3. Plus qu’un mode concret de gouvernement, la synodalité est une dimension constitutive de l’Église, en référence à la conception du sacerdoce commun des baptisés. Dès lors, quelles que soient les médiations institutionnelles, la vie de l’Église ne saurait relever du seul rapport hiérarchique (ex. : clercs – laïcs ; Église enseignante – Église enseignée). Pour être fidèle à sa nature même (peuple de Dieu, corps du Christ, temple de l’Esprit), l’Église ne peut fonctionner que sous le registre de la communion, dans le respect des différences et l’enrichissement mutuel de spécificités tenues pour complémentaires.

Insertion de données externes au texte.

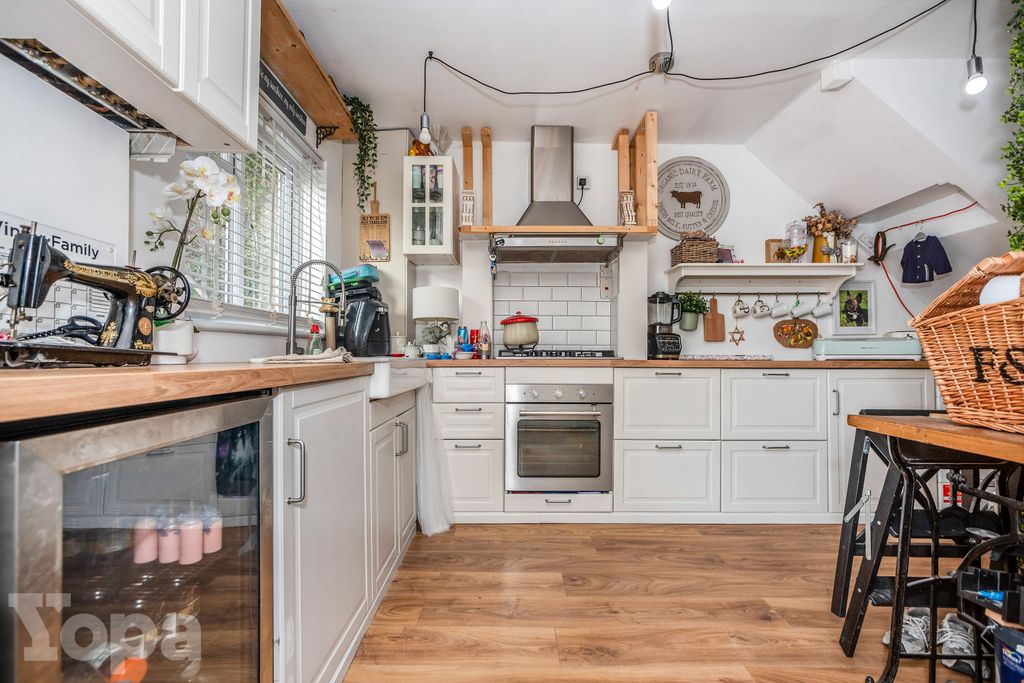 Property photo 2 of 19 Photo #2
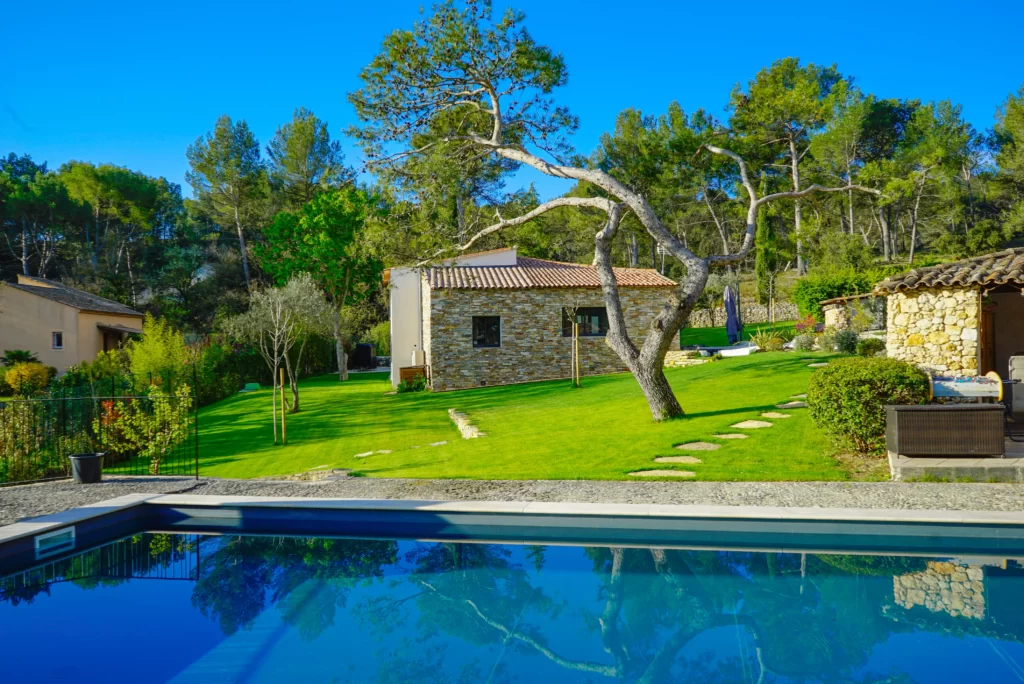 Creation de jardin haut de gamme Aix en Provence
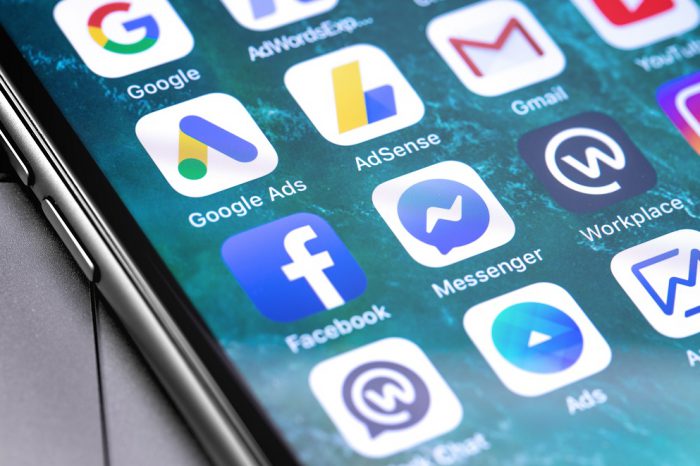 W samym tylko w 2020 roku aresztowano w USA oszustów, którzy ukradli ponad 100 mln dolarów, wyłudzając wcześniej duplikaty kart SIM obywateli Stanów Zjednoczonych, w tym topowych celebrytów.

4. Au-delà même du sacerdoce commun des baptisés, intimant à tout chrétien la mission d’incarner dans la vie du monde la présence agissante et sanctifiante du Ressuscité, le fondement de la synodalité n’est autre que le mystère du Dieu trinitaire, absolument  et parfaitement un du fait même qu’il est communion du Père, du Fils, et de l’Esprit. La Révélation chrétienne atteste qu’au niveau même de Dieu, l’unité n’est pas uniformité. Quel que soit l’intérêt historique de modèles purement humains (monarchie, démocratie, etc.), l’Église ne saurait trouver meilleure référence que l’être même du Dieu qu’elle a mission d’annoncer et de servir.

5. En tant qu’elle est envoyée au monde, l’Église ne peut vivre sa propre synodalité dans l’indifférence au monde environnant. Ainsi la présence d’observateurs autres que les délégués synodaux (laïcs dans les assemblées épiscopales, observateurs chrétiens non catholiques, experts invités au titre de leur compétence, etc.) ou la mise en œuvre de procédures de communication large (enquête préalable au synode diocésain) attestent le sérieux d’une démarche incarnée dans l’histoire. De même, il revient aux chrétiens la mission de travailler pour que les sociétés humaines soient elles-mêmes plus respectueuses de l’idéal de communion et de son application concrète dans le principe de subsidiarité (référence majeure de la morale sociale chrétienne).

6. Un synode diocésain particulier constitue donc une chance, non seulement de rechercher le consensus autour d’orientations pastorales majeures mais d’initier, dans l’Église diocésaine, une vraie culture de débat et coresponsabilité, dans une solidarité active et soucieuse d’honorer toutes les complémentarités, au service d’une commune fidélité à l’évangile.